[[ Provided entries open ]]

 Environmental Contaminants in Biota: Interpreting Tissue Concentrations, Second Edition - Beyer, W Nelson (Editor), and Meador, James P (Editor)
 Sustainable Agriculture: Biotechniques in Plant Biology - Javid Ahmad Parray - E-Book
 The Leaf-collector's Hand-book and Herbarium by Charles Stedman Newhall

[[ Provided entries closed ]]
[[ Provided entries open ]]

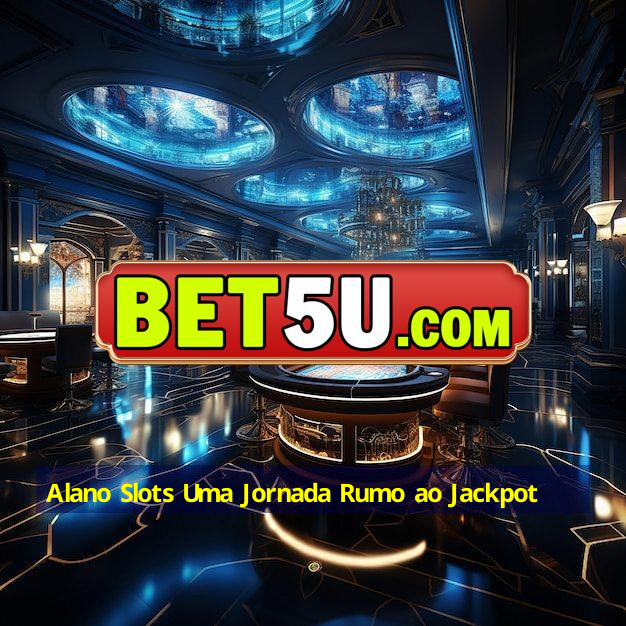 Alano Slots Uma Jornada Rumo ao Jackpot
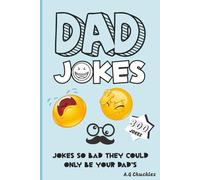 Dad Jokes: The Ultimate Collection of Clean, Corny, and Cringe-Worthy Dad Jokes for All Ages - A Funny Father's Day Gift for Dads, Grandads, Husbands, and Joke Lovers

[[ Provided entries closed ]]

Task item:
From the listing above, output exactly the run of lines that starts with the line containing "Environmental Contaminants in" and ends with the line containing "The Leaf-collector's Hand-book".

Answer area:
 Environmental Contaminants in Biota: Interpreting Tissue Concentrations, Second Edition - Beyer, W Nelson (Editor), and Meador, James P (Editor)
 Sustainable Agriculture: Biotechniques in Plant Biology - Javid Ahmad Parray - E-Book
 The Leaf-collector's Hand-book and Herbarium by Charles Stedman Newhall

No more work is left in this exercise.